What do higher interest rates mean for your investments?
Investing | 8 minute read
2022 was characterised by inflation, supply constraints, and geopolitical tensions (including war), which led central banks to lift interest rates at the fastest pace in decades, and in turn softened performance in asset markets of all persuasions.
As we enter 2023, many of these factors continue, albeit at a slower pace and under the shadow of the risk of recession. Australian growth moderated in the third quarter, bringing the year-on-year pace to 5.9%, and forecasts for final growth in 2022 to 3.6%.
The December quarter saw the RBA lift rates a further 75bps with 25bps announced at each of the monthly meetings. The movements confirmed this interest rate hike cycle to be the fastest since 1994 (see red line in Figure 1).

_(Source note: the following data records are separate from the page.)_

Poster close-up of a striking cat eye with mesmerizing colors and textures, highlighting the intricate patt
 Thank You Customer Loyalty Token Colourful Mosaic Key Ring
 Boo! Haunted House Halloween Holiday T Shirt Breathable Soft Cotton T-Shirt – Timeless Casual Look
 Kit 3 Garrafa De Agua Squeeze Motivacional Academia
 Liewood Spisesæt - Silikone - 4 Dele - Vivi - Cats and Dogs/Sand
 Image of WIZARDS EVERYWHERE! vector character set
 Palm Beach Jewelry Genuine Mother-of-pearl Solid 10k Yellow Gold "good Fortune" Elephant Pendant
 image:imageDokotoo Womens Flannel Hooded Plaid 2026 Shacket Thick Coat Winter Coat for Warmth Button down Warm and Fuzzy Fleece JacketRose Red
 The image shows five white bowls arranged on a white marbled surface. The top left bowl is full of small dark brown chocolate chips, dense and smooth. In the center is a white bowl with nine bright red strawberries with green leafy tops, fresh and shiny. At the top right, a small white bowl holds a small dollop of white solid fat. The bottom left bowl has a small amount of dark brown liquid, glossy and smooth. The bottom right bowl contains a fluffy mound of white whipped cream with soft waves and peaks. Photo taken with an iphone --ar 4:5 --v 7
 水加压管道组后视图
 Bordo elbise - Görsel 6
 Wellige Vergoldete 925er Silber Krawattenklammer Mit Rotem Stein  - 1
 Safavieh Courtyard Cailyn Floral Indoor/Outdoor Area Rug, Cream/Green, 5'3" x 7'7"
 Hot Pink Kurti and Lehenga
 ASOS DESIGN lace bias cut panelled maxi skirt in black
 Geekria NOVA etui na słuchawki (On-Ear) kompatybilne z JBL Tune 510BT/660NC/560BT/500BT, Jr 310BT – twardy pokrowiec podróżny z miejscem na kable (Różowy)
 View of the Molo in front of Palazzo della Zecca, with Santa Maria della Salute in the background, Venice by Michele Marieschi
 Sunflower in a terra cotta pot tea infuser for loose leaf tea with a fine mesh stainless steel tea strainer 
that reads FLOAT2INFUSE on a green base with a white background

Australia was not alone with its steep interest rate trajectory of 300bps, as other central banks also moved quickly to stamp out inflation;
Figure 1: RBA rate hike cycles
Source: CommBank, Economic Insights Global Economic & Markets Research, Dec 2022
Figure 2: total volumes by sector & % offshore investment
Source: CBRE Research
The net effect of these moves has been an increase in mortgage repayments of around 40-60% for the average borrower. Coupled with higher energy prices, this has added to cost of living pressures for most, reducing the affordability of residential property. Transaction activity in Australian commercial real estate slowed into late 2022 with CBRE reporting total volumes of $35.9 billion, compared with 2021’s $50.5 billion in 2021. The office sector formed the lion’s share of what was traded at $15.2 billion (42%).
The cash rate now stands at 3.1%, with the RBA minutes released in December indicating the RBA Board is considering for the first time this interest rate cycle the option of “no change”. This has given confidence to markets (both here and abroad) that we are indeed approaching the peak in the cash rate.
Our Cromwell inflation forecast for 2023 is 5%, which is below the annualised rate to October of 6.9%. The drivers to inflation remain as below; however, we expect to see inflation drop to 3% in 2024.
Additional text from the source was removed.